Tendances achats 2022 : Près de la moitié des directions achats tentées par la relocalisation
Par Guillaume Trecan | Le | Consultant
Le traditionnel sondage Tendances Achats réalisé par le cabinet AgileBuyer depuis treize ans et réalisé en partenariat avec le CNA depuis 2018, s’est imposé comme le baromètre de la profession.

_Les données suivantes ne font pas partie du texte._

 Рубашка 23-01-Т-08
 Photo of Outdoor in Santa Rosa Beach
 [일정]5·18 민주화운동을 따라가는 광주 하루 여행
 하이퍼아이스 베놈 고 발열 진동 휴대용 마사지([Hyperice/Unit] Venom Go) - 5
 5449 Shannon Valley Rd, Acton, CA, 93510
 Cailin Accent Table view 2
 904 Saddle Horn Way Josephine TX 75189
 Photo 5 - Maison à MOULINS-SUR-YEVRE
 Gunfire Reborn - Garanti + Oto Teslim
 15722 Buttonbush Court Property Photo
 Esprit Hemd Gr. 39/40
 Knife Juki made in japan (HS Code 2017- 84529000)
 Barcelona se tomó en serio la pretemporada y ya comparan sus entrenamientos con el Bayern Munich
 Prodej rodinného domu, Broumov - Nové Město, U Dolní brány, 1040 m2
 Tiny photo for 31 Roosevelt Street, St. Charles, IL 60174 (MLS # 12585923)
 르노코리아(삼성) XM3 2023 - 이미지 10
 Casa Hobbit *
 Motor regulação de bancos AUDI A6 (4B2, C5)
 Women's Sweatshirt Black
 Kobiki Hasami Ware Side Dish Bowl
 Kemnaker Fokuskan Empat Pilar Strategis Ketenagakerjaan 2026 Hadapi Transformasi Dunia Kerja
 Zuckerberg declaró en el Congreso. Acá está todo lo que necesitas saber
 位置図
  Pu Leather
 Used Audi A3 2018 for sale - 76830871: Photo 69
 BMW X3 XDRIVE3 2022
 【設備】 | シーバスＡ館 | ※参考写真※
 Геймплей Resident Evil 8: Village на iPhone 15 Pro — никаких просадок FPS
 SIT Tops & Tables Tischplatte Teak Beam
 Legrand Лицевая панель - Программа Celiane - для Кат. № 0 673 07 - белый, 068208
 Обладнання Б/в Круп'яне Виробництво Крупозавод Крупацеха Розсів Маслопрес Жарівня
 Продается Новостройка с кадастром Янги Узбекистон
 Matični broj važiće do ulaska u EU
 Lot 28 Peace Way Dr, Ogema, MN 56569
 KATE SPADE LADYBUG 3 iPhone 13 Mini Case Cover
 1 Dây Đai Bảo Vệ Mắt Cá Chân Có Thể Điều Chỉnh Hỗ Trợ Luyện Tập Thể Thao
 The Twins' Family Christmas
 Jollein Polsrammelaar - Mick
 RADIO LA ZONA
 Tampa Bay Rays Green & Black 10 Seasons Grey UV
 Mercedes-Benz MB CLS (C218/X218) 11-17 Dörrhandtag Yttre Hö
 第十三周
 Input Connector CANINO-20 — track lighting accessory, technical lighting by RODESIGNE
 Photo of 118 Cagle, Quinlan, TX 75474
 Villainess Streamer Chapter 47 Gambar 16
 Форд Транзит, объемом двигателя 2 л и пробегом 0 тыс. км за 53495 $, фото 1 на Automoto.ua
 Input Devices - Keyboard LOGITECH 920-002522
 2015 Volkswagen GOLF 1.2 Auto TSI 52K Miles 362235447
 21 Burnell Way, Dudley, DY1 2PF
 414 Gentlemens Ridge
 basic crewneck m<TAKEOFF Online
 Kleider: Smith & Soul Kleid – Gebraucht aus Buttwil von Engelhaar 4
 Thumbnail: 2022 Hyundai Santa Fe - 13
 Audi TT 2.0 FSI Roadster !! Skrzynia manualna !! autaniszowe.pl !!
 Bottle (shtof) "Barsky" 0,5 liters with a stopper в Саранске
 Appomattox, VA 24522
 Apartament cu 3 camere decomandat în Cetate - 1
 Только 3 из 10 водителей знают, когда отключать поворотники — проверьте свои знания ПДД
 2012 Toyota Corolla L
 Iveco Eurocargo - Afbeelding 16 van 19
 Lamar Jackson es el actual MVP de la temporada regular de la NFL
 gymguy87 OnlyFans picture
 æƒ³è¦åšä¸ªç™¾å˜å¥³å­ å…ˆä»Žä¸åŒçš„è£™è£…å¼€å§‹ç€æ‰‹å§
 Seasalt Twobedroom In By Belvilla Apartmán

Les résultats s’appuient cette fois sur les réponses de 893 professionnels des achats interrogés entre le 16 novembre et le 2 décembre.
Dans le climat d’inflation et de désordre sur le fret international, voire de pénuries qui caractérise la fin 2021 et marquera sans doute une bonne partie de 2022, les priorités achats telles qu’elles ressortent de cette étude sont inédites et, à première vue, les Achats ne sont pas à la fête : 68 % des personnes interrogées indiquent en effet que leur direction achats a subi des pénuries et 65 % que ces pénuries ont impacté la marge de leur entreprise. Les pénuries subies concernent en premier lieu les métaux (23 %), les matières premières hors métaux (17 %), l’électronique (14 %), l’IT (13 %) et le transport (12 %).
Les difficultés de livraison impactent les entreprises au plus haut niveau puisque 79 % des personnes interrogées anticipent ou vivent déjà des difficultés de livraison avec leurs fournisseurs stratégiques.
Plus de relocalisations et moins d’économies
Cette situation va impacter en profondeur les stratégies d’achats : 47 % du panel considèrent que les crises vont les pousser à relocaliser, une opinion que seuls 16 % du panel partageaient fin 2019 et 30 % fin 2020. Le concept de Made in France y gagne du même coup un peu plus de popularité : 61 % des directions achats considèrent le Made in France ou achat local dans leurs critères d’attribution de business contre 53 % fin 2018.
Est-ce que cette réorientation des politiques achats ira jusqu’à changer la nature même de la fonction ? Peut-être, si l’on considère que seuls 26 % des professionnels achats considèrent cette année qu’ils seront attendus par leur direction sur les économies réalisées, contre 55 % en 2020.
Pourtant, il risque d’y avoir d’intenses discussions lors des entretiens individuels de fin d’année 2022, car si les réductions de coûts seront très difficiles à obtenir dans la conjoncture actuelle, les économies réalisées restent le principal critère de mesure de la performance achats (60 %), très loin devant la réactivité (9 %), la contribution au chiffre d’affaires (8 %), ou encore la RSE (4 %).
La RSE dans les objectifs personnels
Mais le fait est que la RSE a acquis une importance jamais vue dans les objectifs achats. En 2022, 58 % des professionnels achats auront des objectifs personnels liés au développement durable ou la RSE. Dans le secteur du luxe et de la mode, ce chiffre monte même à 100 %, à 79 % dans le secteur tourisme et transport, à 71 % dans la banque assurance.
L’amélioration de l’empreinte carbone en particulier est l’axe principal de contribution des achats à la stratégie RSE de l’entreprise, pour 73 % des professionnels achats, loin devant l’économie circulaire (36 %) et la territorialité (33 %). Ainsi 61 % des directions achats se sont fixé des objectifs en matière de réduction de l’empreinte carbone et se sont engagés dans des actions dans ce sens.
Là encore, apparaît un décalage entre les objectifs et la réalité, car 77 % des entreprises ne mesurent pas l’empreinte carbone de leurs fournisseurs et 75 % ne connaissent pas l’empreinte carbone de leurs achats.
Mobilisation pour les délais de paiement
Concernant le respect des délais de paiement des fournisseurs, une question que la crise sanitaire a remise à un niveau de sensibilité très élevé, voire vital pour bon nombre d’écosystèmes fournisseurs, si cela fait partie des objectifs de 83 % des personnes interrogées, c’est une cause plus en vogue dans les grandes entreprises. Ainsi 71 % des personnes interrogées issues de grandes entreprises déclarent que le respect des délais de paiement fournisseurs « fait partie de leurs combats en interne », contre 57 % dans les entreprises de moins de 249 salariés. Logique, si l’on prend en compte le fait que, comme l’a encore rappelé dernièrement l’Observatoire des délais de paiement, les retards de paiement sont moins le fait des PME que des grands groupes.
Enfin, plus de la moitié des entreprises (51 %) se sont engagées dans une démarche de labellisation ou envisagent de le faire.
Nature du panel
Les 893 professionnels des achats ayant fourni des réponses complètes sont répartis entre environ un tiers de directeurs achats, un tiers de responsables achats et un tiers d’acheteurs. Pour près de la moitié (44 %), il s’agit de professionnels achats de grands groupes (plus de 5 000 salariés).